DATA SECTION:
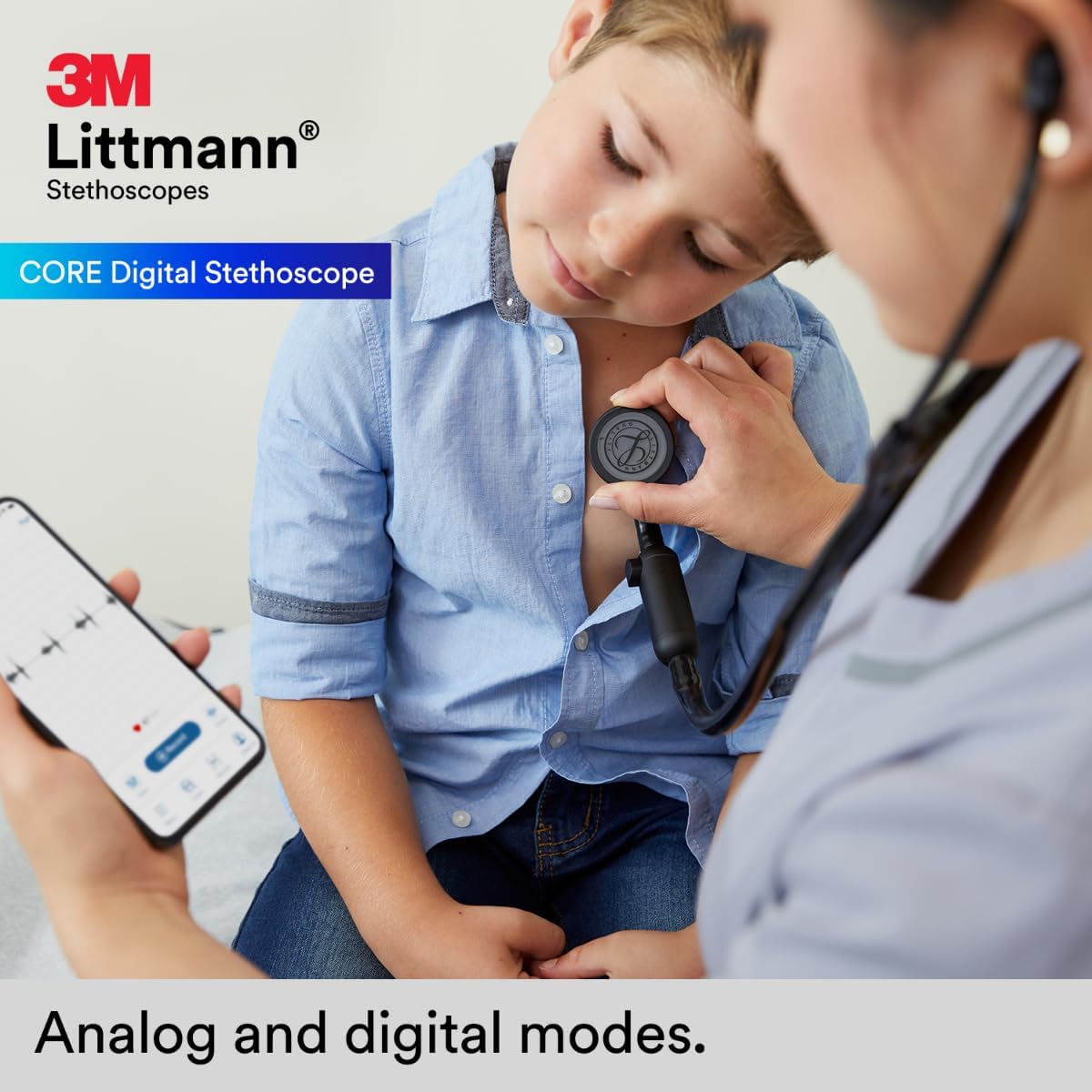 3M™ Littmann® CORE Digital Stethoscope, 8480, Black Chestpiece, Tube, Stem and Headset, 27 inch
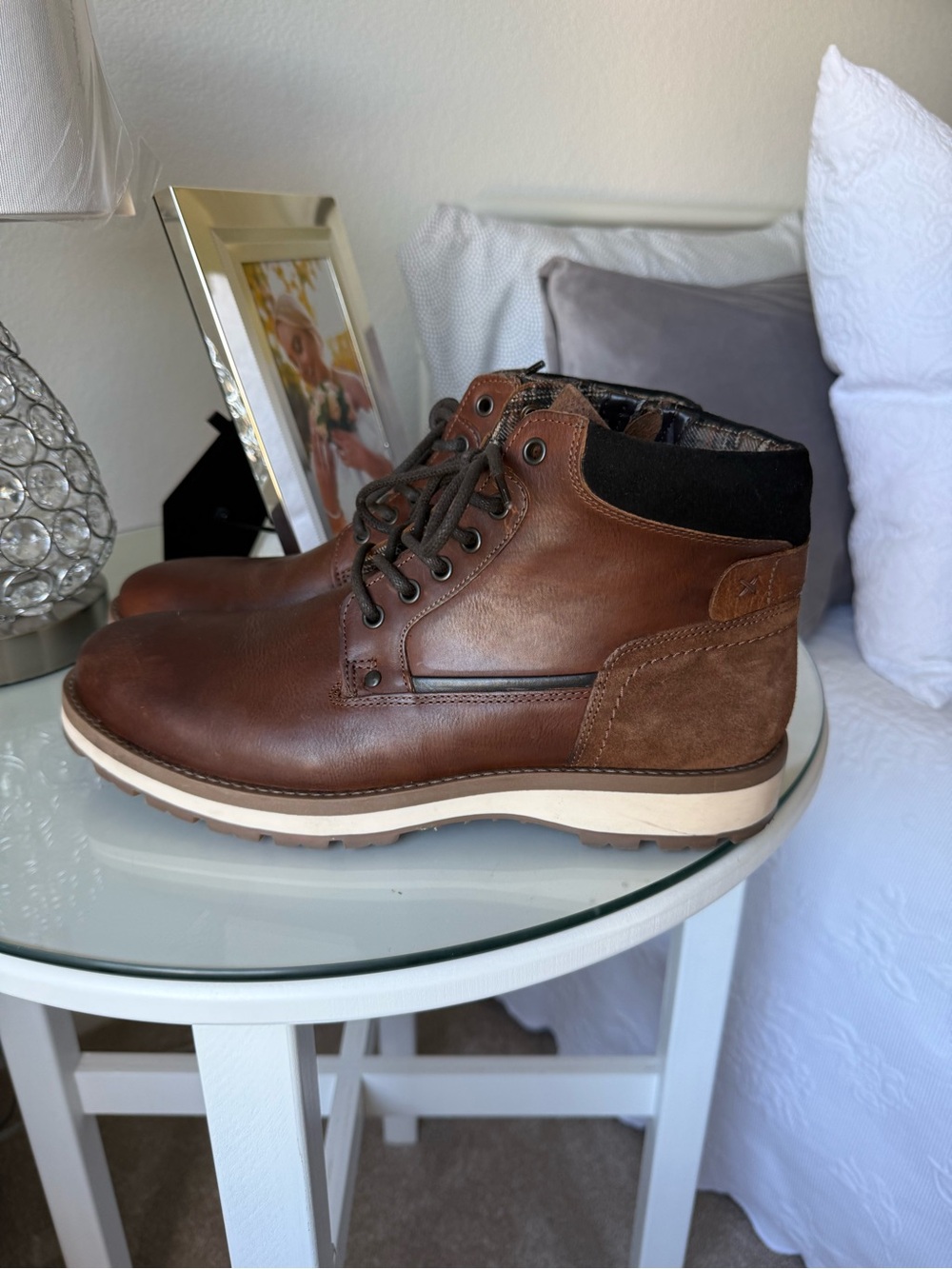 Franco Fortini Brown Leather Chukka Boots with Black Collar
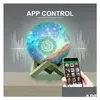 Andra lampor belysning bärbara högtalare muslimska Koranens högtalare App Control Drop 3D Print Star Lamp Wireless Colorf Remote Touch Veilleus Dh1ji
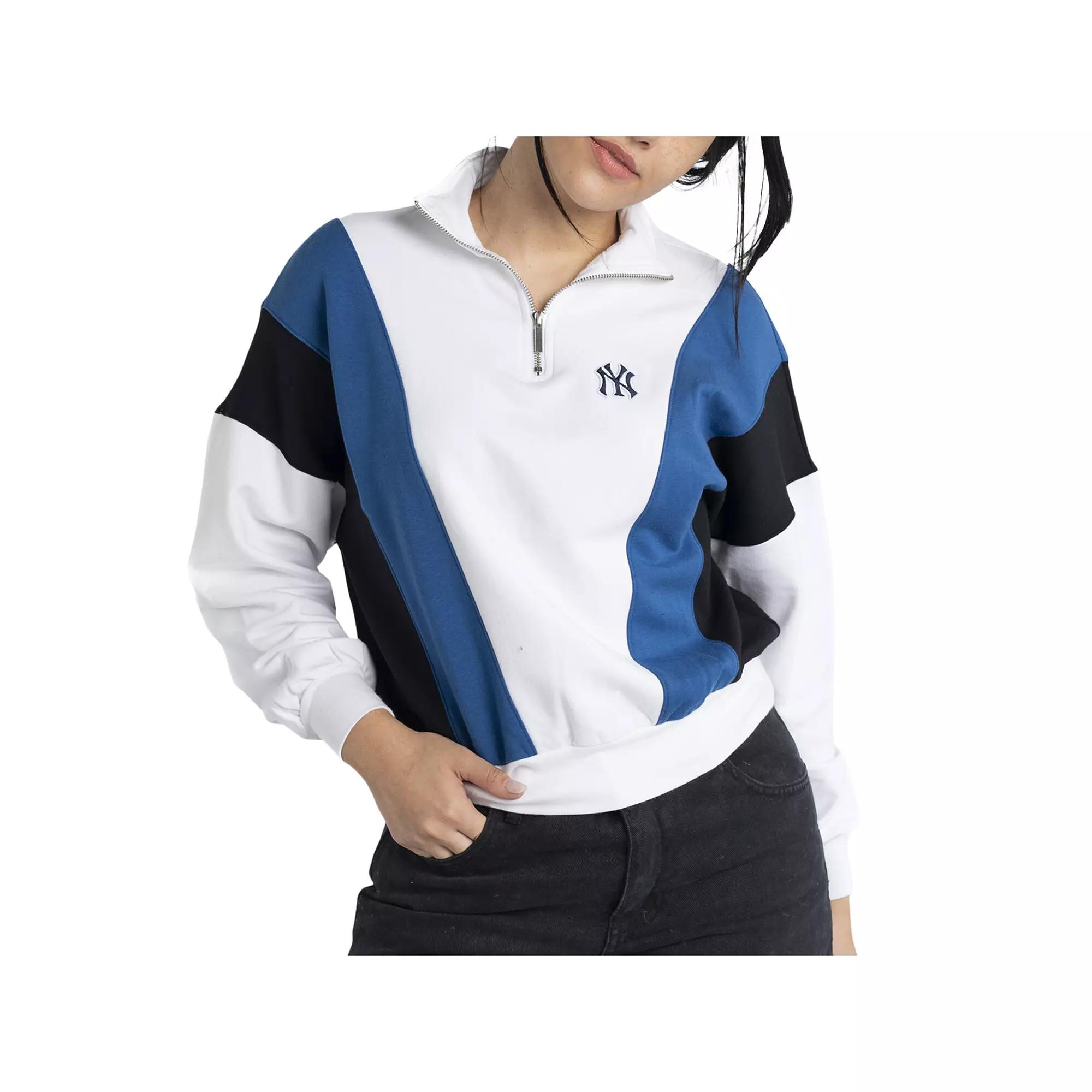 Women's Lusso  White New York Yankees Malia Quarter-Zip Sweatshirt, Size: XL Product Image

YOUR INSTRUCTIONS: In the listing above, transcribe exactly the lines from the line containing "Andra lampor belysning" through the last one, both included, but not the pictures.

TASK RESULT:
 Andra lampor belysning bärbara högtalare muslimska Koranens högtalare App Control Drop 3D Print Star Lamp Wireless Colorf Remote Touch Veilleus Dh1ji
 Women's Lusso  White New York Yankees Malia Quarter-Zip Sweatshirt, Size: XL Product Image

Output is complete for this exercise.